Across the universe, p.11
Across the Universe, page 11
They were first taken18 to the Philippine Navy headquarters where they held a perfunctory press conference, and then to a luxury yacht anchored out in the Manila harbour. The yacht was owned by a local industrialist, Don Manolo Elizalde, who had invited19 his close friends to party with the Beatles out in the harbour.
‘It was really humid, it was Mosquito City, and we were all sweating and frightened. For the first time ever in our Beatle existence, we were cut off from Neil, Mal and Brian Epstein. There was not one of them around, and not only that, we had a whole row of cops with guns lining the deck around this cabin that we were in on the boat. We were really gloomy, very brought down by the whole thing. We wished we hadn’t come here. We should have missed it out,’ rued George, looking back at their worst ever tour.20
As they waited, fretting in their cabin on the yacht, the Beatles tried to calm themselves listening to Indian classical music from a tape George had carried.
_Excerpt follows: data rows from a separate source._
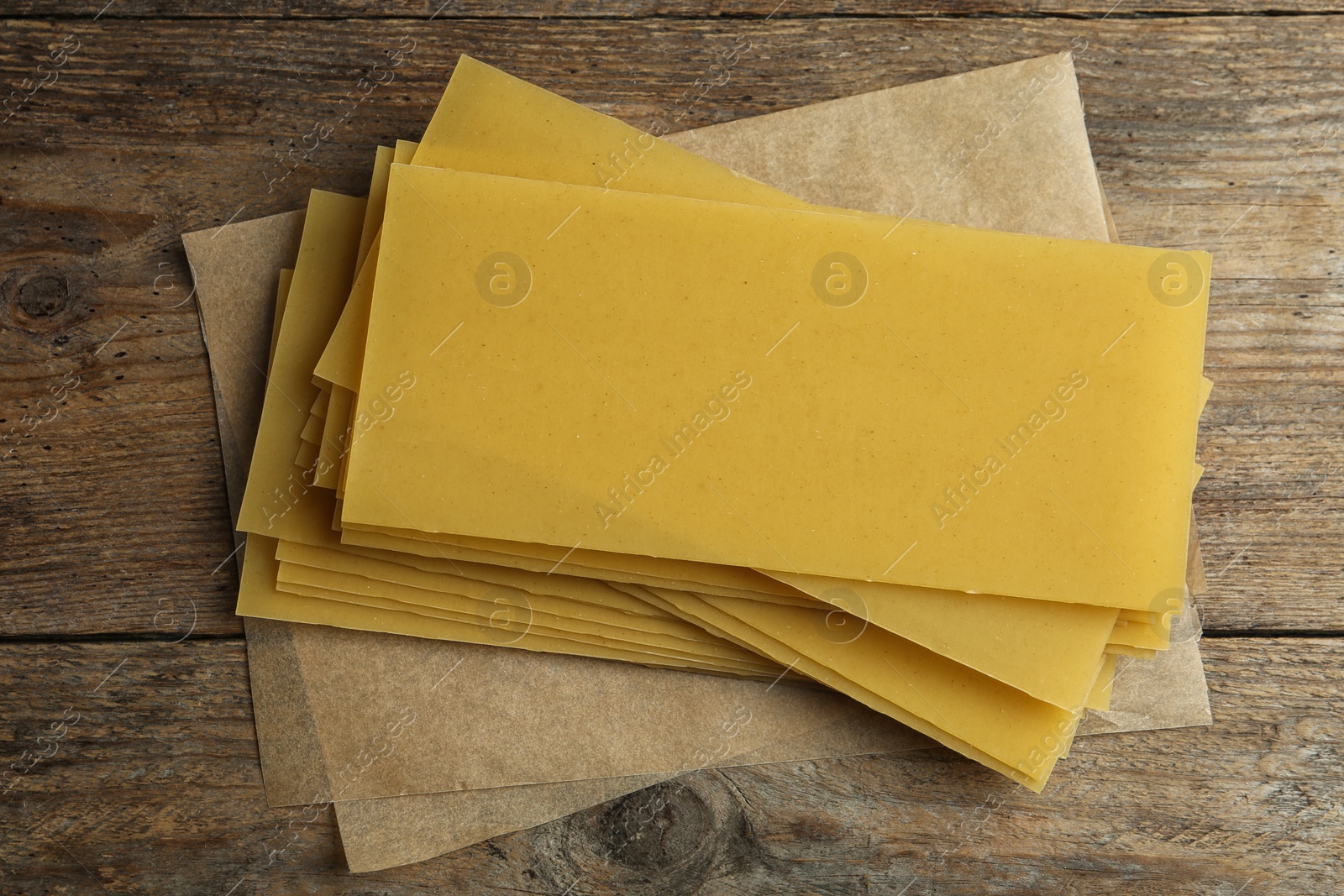 Photo of Uncooked lasagna sheets on wooden background, top view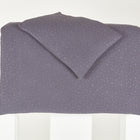 Das KraftKids Bettwäscheset Musselin in Grau mit goldenen Punkten ist ordentlich gefaltet und auf einer weißen Fläche vor schlichtem Hintergrund präsentiert.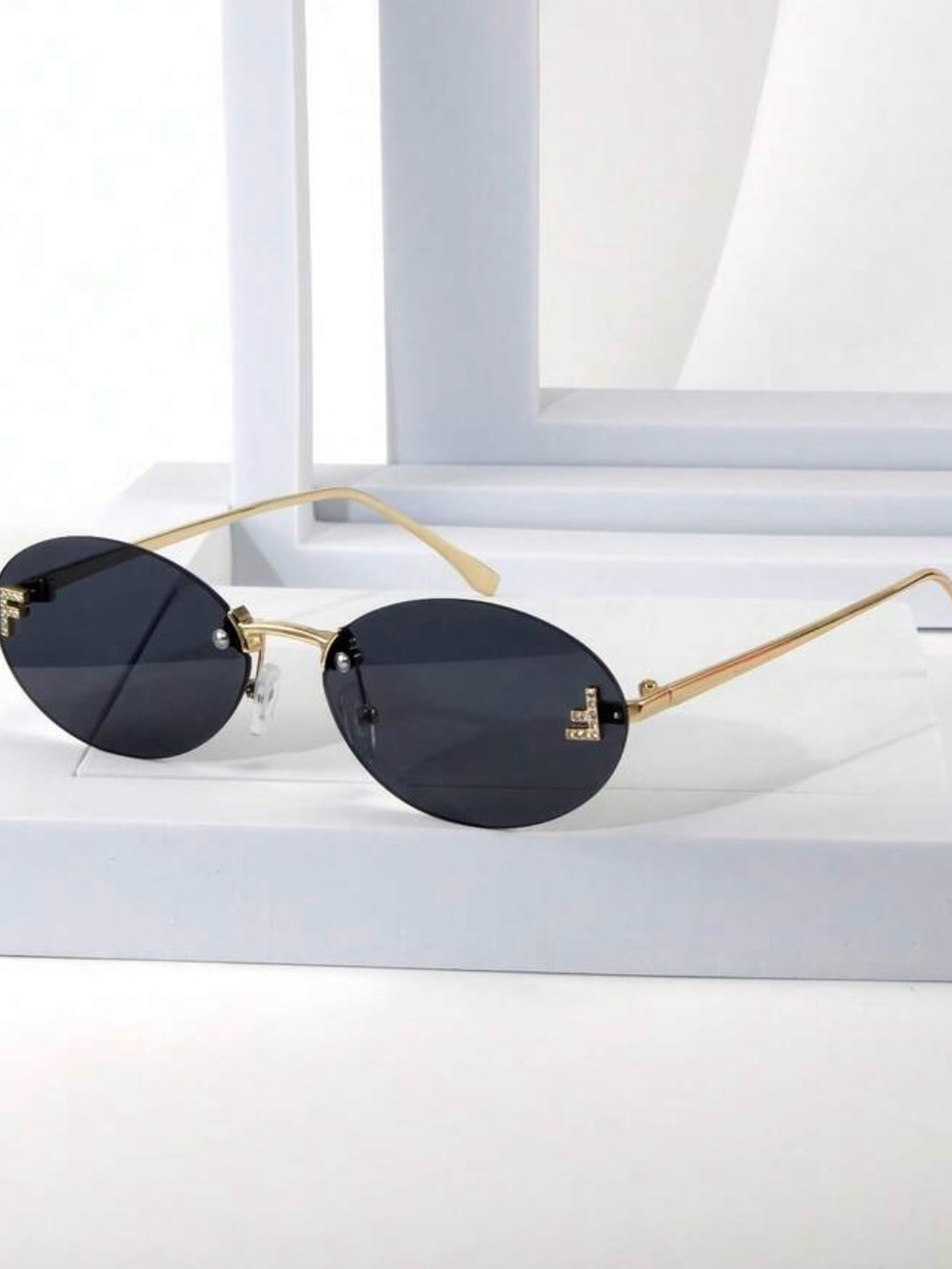 Rimless Oval Black Lens Sunglasses with Gold Temples
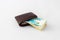 Ð’rown leather wallet and stack of banknotes new Israeli shekels on white background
By the time their managers rescued them from the yacht, the boys were mentally traumatized and physically exhausted but perked up after hearing that their suitcases had been returned untouched by the authorities and their supply of pot was secure. They were grateful to be on land again and crashed in their Manila Hotel suites, not waking up before lunchtime. But unknown to the Beatles, an even worse ordeal than what they had experienced so far was brewing as they slept peacefully. The full horror of the Manila trip was about to unfold.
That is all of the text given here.